◆ **Source information**

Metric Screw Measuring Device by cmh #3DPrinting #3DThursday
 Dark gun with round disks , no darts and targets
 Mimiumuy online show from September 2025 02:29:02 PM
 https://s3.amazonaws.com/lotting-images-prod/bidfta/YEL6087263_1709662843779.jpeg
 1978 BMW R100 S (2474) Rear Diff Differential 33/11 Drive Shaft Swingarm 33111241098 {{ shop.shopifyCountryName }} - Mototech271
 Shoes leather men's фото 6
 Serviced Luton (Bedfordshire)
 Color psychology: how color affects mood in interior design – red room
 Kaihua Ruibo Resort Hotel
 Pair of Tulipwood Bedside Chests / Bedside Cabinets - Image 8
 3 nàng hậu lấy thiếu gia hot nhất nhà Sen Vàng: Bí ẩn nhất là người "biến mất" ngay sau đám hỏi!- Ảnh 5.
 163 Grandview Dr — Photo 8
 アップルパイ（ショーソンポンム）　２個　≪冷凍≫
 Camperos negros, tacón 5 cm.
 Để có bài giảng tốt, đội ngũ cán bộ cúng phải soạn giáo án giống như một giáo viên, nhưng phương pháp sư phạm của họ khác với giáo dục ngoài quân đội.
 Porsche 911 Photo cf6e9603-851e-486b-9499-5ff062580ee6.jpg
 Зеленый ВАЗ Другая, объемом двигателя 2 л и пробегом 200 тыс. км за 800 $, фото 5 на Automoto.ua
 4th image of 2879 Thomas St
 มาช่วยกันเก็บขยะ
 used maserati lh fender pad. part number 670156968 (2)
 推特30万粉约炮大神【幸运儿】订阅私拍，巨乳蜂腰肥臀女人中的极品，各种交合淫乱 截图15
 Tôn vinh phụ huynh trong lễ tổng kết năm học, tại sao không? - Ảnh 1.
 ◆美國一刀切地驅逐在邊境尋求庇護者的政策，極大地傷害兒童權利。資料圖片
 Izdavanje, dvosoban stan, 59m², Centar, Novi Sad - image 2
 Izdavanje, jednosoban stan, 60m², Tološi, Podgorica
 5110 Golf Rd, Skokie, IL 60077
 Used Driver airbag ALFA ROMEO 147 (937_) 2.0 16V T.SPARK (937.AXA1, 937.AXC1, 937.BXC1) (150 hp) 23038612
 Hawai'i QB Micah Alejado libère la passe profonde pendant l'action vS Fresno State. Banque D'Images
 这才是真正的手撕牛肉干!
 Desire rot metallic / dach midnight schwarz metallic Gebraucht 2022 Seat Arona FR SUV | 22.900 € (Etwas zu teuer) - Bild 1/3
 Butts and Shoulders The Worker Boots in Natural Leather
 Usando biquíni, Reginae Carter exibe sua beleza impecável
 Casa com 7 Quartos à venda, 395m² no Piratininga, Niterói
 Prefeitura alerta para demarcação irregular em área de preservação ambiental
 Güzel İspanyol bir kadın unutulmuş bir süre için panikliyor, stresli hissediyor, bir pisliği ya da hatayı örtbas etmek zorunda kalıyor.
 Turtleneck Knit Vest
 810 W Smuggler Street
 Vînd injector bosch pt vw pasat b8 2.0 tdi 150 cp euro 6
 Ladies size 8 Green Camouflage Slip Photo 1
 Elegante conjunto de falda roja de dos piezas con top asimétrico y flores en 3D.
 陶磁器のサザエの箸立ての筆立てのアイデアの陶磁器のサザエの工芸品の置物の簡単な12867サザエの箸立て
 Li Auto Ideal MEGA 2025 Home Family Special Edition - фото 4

◆ **Assignment**
Show every line of the data that includes the string "Photo".

◆ **Output of the exercise**
 163 Grandview Dr — Photo 8
 Porsche 911 Photo cf6e9603-851e-486b-9499-5ff062580ee6.jpg
 Ladies size 8 Green Camouflage Slip Photo 1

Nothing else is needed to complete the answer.